# WORK TASK:
Below are some entries. Return exactly the lines from the one with "Flat lay of" through the final line, leaving out any pictures.

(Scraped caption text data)
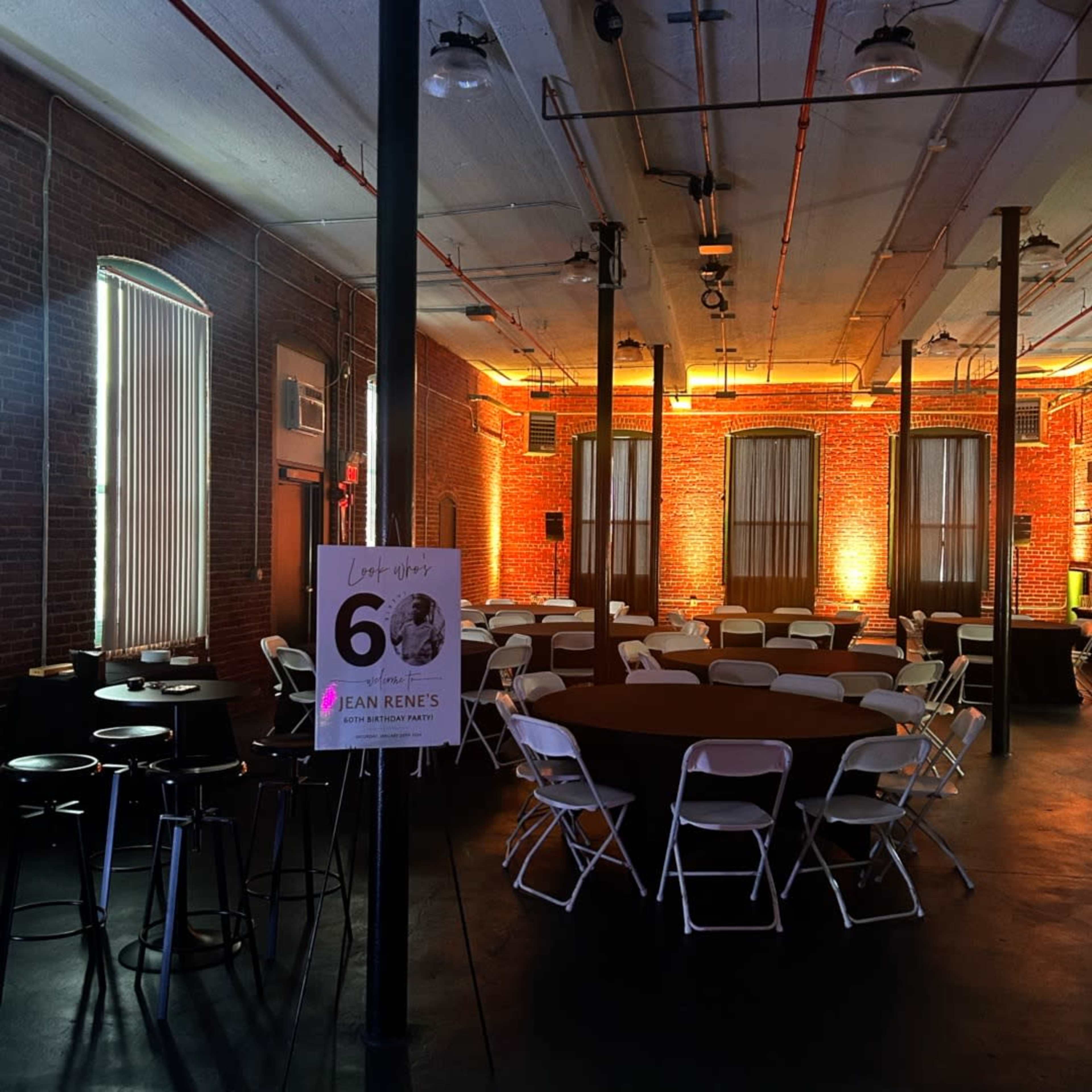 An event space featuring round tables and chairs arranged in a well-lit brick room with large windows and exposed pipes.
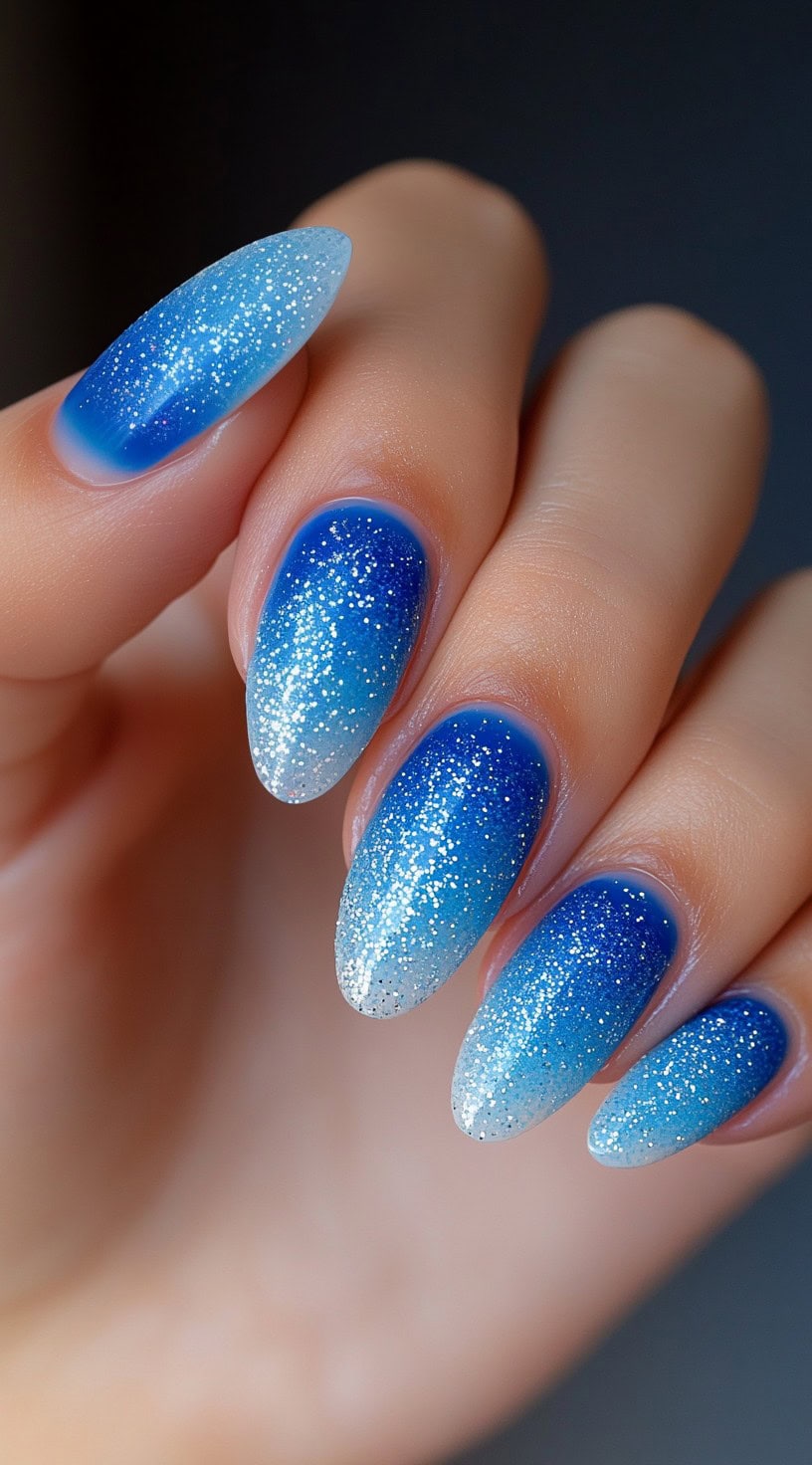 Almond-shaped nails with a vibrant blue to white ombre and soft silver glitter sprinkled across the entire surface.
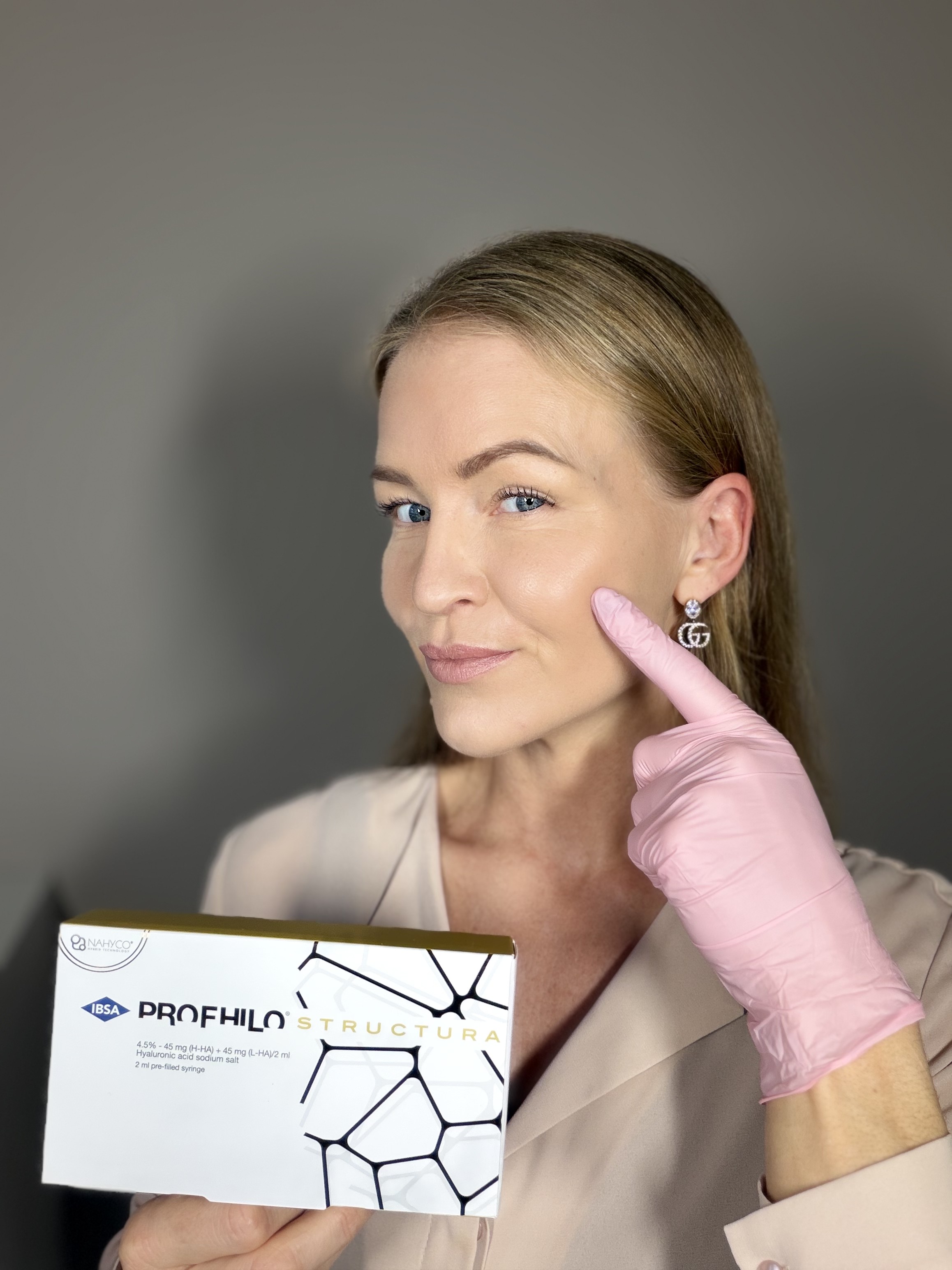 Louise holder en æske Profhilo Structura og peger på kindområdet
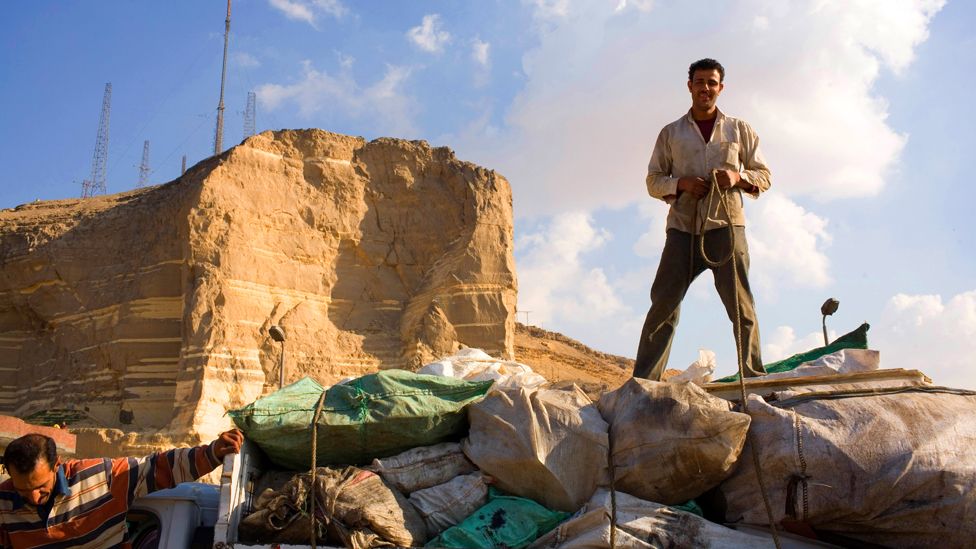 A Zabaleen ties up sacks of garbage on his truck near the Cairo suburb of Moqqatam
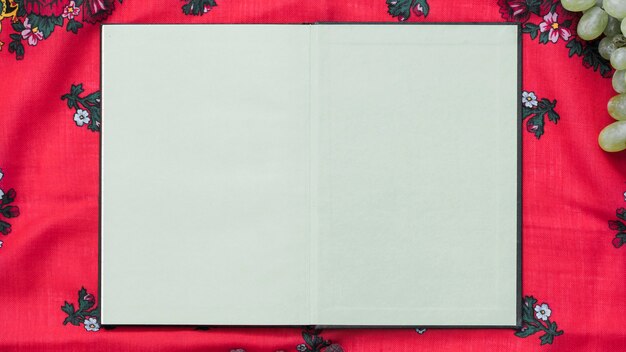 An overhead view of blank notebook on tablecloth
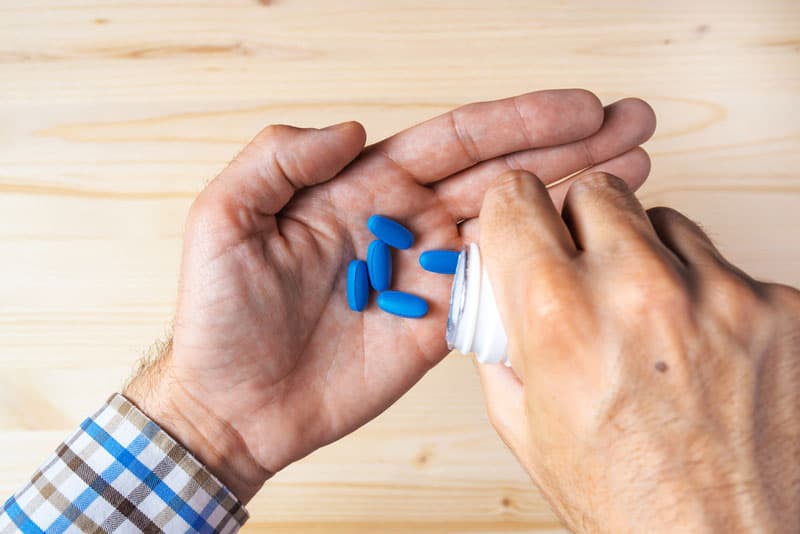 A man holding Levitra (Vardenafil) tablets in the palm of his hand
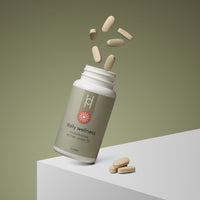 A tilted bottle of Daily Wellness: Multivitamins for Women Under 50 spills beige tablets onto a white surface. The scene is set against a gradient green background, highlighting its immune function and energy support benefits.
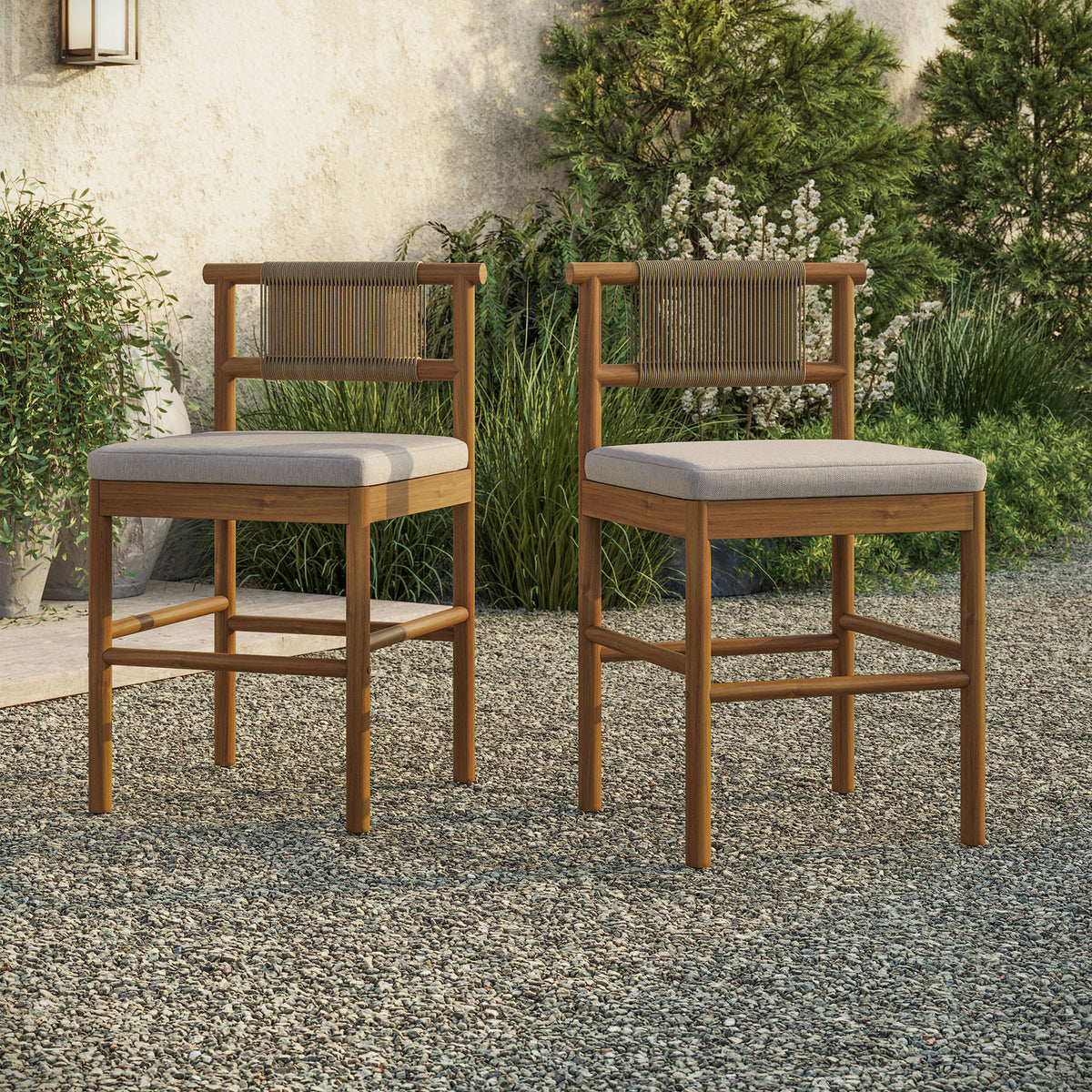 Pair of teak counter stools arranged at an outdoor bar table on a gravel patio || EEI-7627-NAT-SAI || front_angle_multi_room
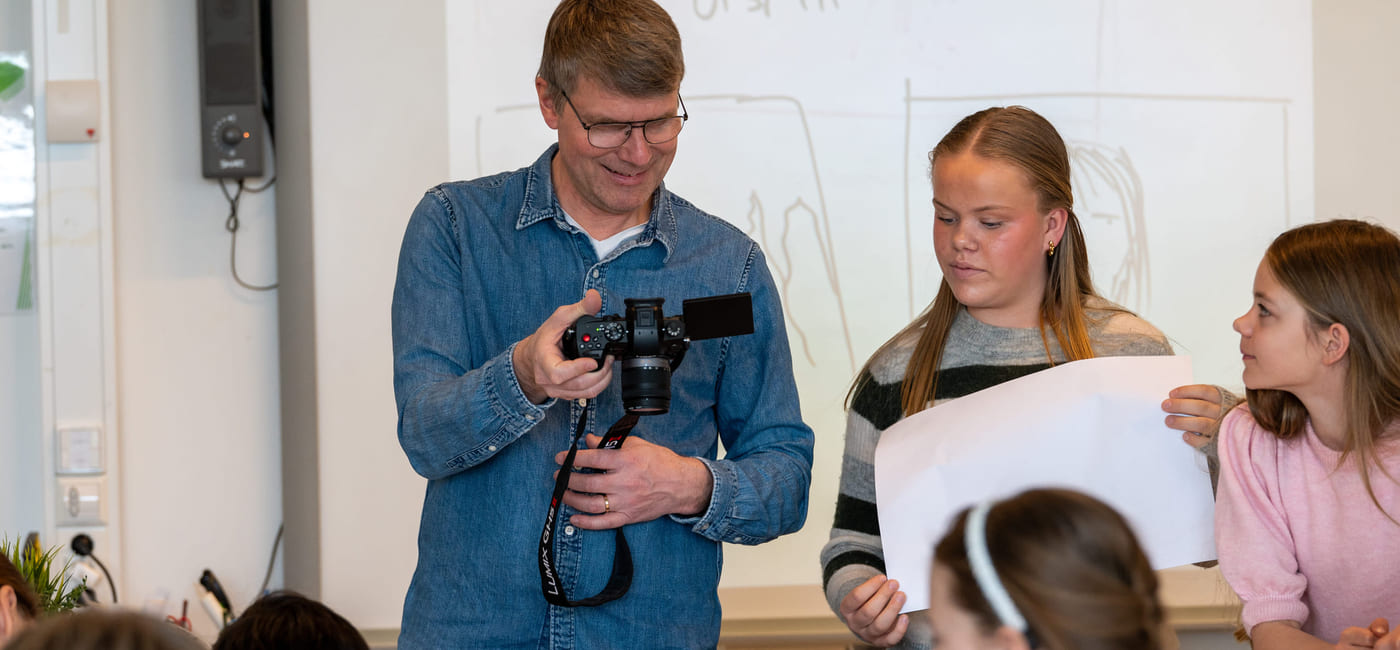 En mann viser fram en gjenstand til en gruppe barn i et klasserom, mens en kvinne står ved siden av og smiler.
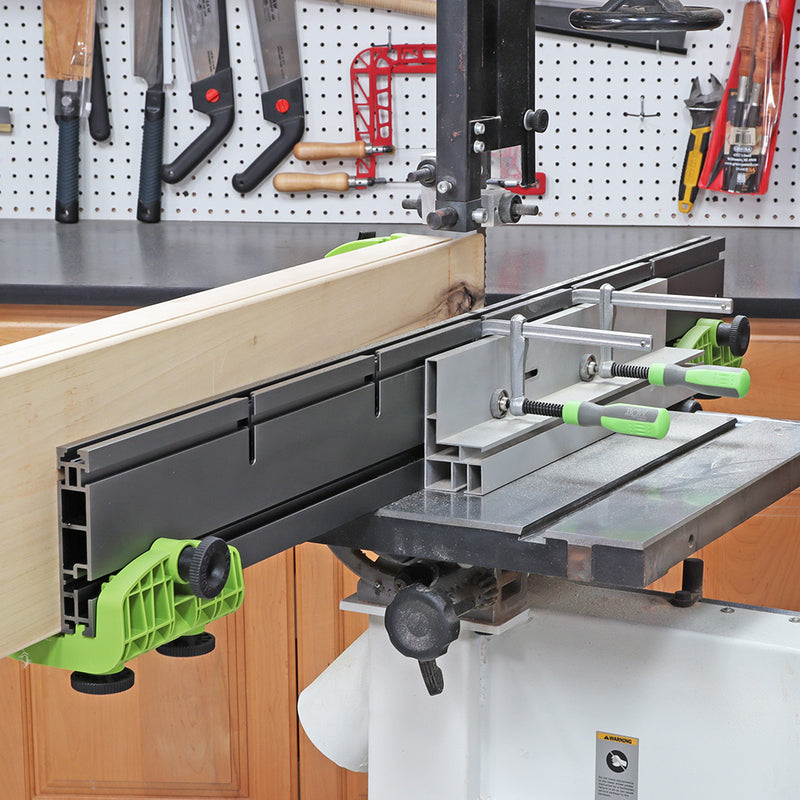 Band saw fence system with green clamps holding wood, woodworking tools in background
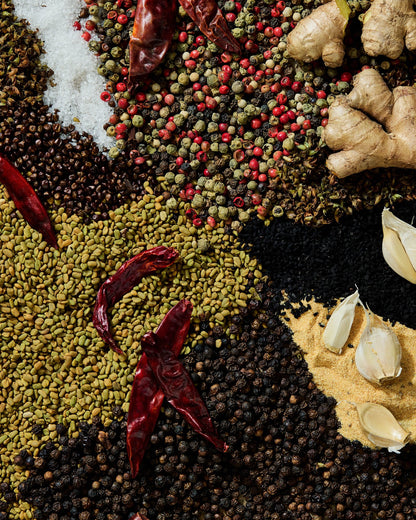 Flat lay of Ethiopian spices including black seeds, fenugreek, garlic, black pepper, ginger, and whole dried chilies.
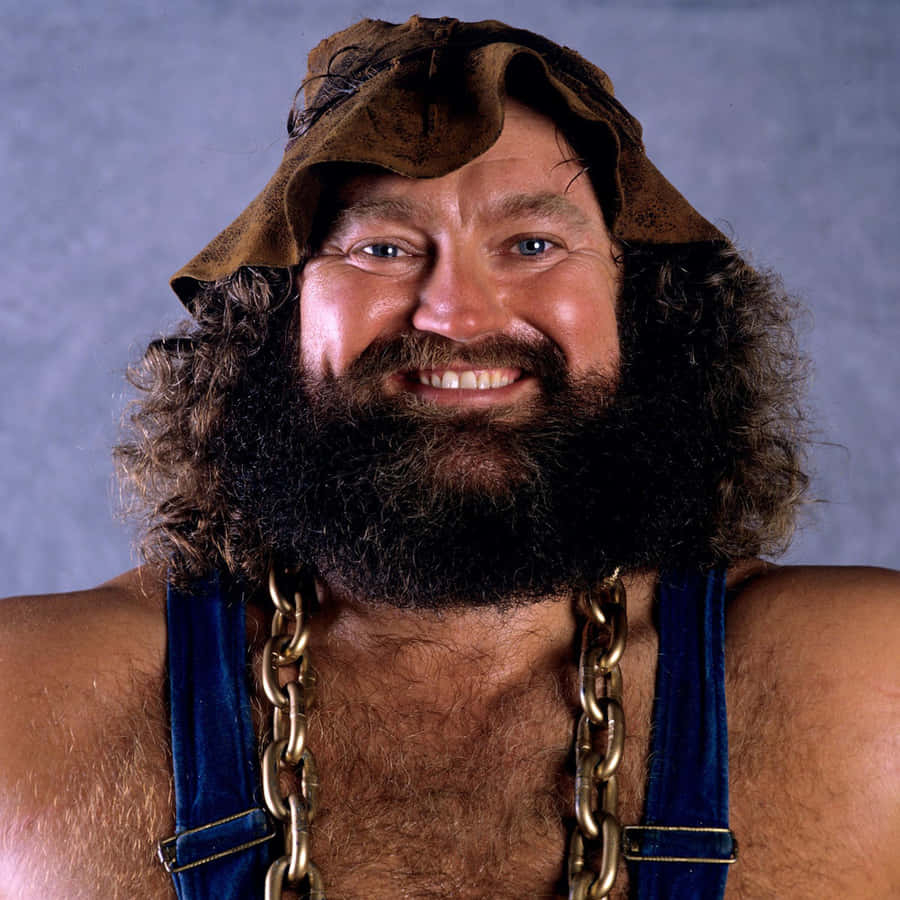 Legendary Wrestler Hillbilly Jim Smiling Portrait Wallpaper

# RESPONSE:
 Flat lay of Ethiopian spices including black seeds, fenugreek, garlic, black pepper, ginger, and whole dried chilies.
 Legendary Wrestler Hillbilly Jim Smiling Portrait Wallpaper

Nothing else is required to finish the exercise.